━━ Given information ━━

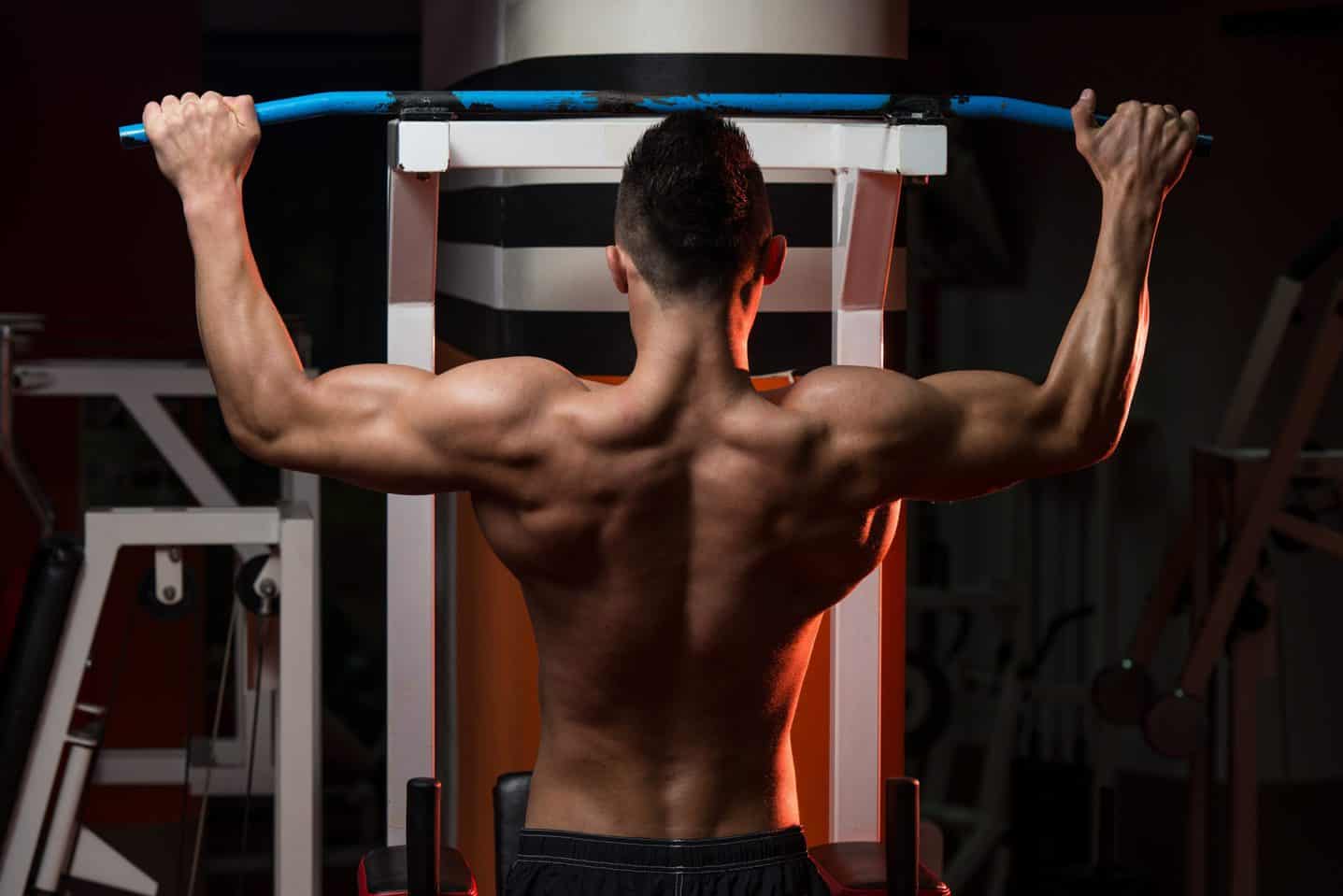 How To Build Upper Body Strength To Do A Pull Up Muscle And Recovery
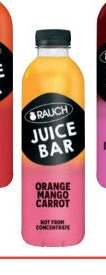 Rauch Juice Bar Orange Mango Carrot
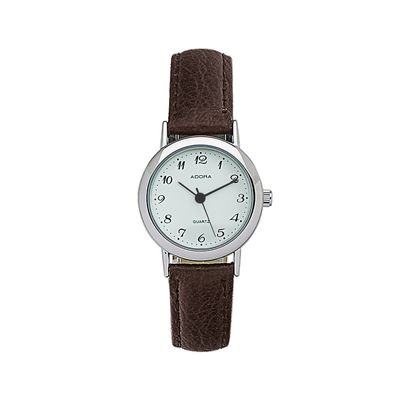 Damenuhr Adora Lederband
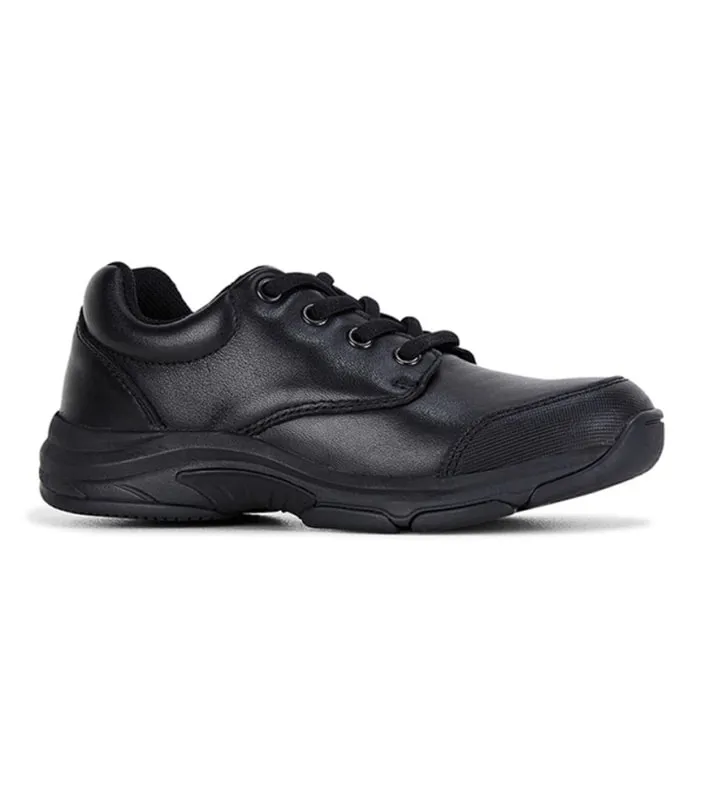 clarks alert junior boys school shoes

━━━

Work to complete: Aside from the pictures, repeat the listing exactly.

Solved problem:
 How To Build Upper Body Strength To Do A Pull Up Muscle And Recovery
 Rauch Juice Bar Orange Mango Carrot
 Damenuhr Adora Lederband
 clarks alert junior boys school shoes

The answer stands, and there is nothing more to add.